A cunning plan. Why not just return nothing? Push the value None
on the stack (by golly, there's our zeroth constant!), then return it.
A branch
Okay, loading variables and literals, performing operations. *shrug* What if you had a branch, tough guy, would you indent your bytecode, huh?
def main(a):
if condition:
a = 7
else:
a = 9
Disassembly of main:
2 0 LOAD_GLOBAL 0 (condition)
3 POP_JUMP_IF_FALSE 15
3 6 LOAD_CONST 1 (7)
9 STORE_FAST 0 (a)
12 JUMP_FORWARD 6 (to 21)
5 >> 15 LOAD_CONST 2 (9)
18 STORE_FAST 0 (a)
>> 21 LOAD_CONST 0 (None)
24 RETURN_VALUE
Well, no. And hang tight, because this is where Python bytecode becomes a little assembly-ish.
We load the condition
variable and perform the check. If true we just continue to the next instruction, but if false we jump to location 15, which is the body of the else
block.
a) if we're executing the if
case, we perform the assignment, then jump forward by 6 locations to location 21, which is the end of the function (and return None
).
b) if we're executing the else
case, we perform the assignment and just continue on, returning None
.
Object lookups
So far we have looked at some very basic operations, and the opcodes are pretty similar to what you would find when compiling the same code in C and looking at the assembly. (Well, except that we are still in the world of dynamic typing and BINARY_ADD has _no idea_ what kind of things it will be trying to add until it actually tries to perform the operation and only then! discovers the types of the operands.)
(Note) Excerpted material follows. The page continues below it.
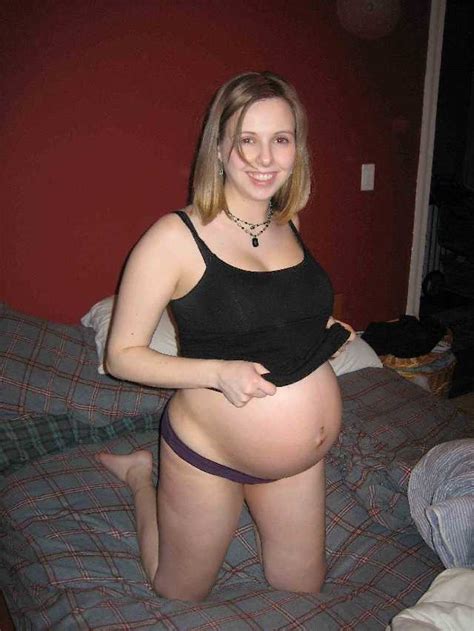pregnant milf before and after pics of her nude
Let's try something more high level - like operations on objects. Two of the most common things we do in Python are: indexing into objects (for lists and dicts), and looking up attributes on them.
def main(obj):
obj[x]
obj.x
Disassembly of main:
2 0 LOAD_FAST 0 (obj)
3 LOAD_GLOBAL 0 (x)
6 BINARY_SUBSCR
7 POP_TOP
3 8 LOAD_FAST 0 (obj)
11 LOAD_ATTR 0 (x)
14 POP_TOP
15 LOAD_CONST 0 (None)
18 RETURN_VALUE
Why that seems surprisingly concise! The index operation aside (a single opcode), attribute lookup is a complicated piece of logic that involves looking at obj.__dict__
, looking at the class dict (and base class dicts), calling __getattribute__
and possibly __getattr__
. All of that in a single opcode? That's value for money in my book.
At this point it should dawn on you that bytecode compilation does not actually compile the program very much. It's basically rewriting the same thing in bytecode, and that's why the compilation is so fast.
Approaches to interpretation
So why bother? Let's think about our options.
- Parse and interpret Python source code on-the-fly.
Impractical, because the code you need to execute determines how many tokens you need to parse. An assignment may only need the rest of the tokens on the line, but a class definition needs the whole class body. Noone actually does this.
- Parse the source code to an Abstract Syntax Tree (AST) and write the interpreter as an AST walker.
Possible, but it makes the interpreter a bit complicated. It has to remain in sync with the structure of the AST at all times. Ruby MRI 1.8 uses this approach.
- Parse the source code to an AST, compile that to bytecode, interpret the bytecode.
Most interpreted languages use this approach. It decouples the interpreter from the AST, so instead of traversing a tree you're executing a linear stream of instructions.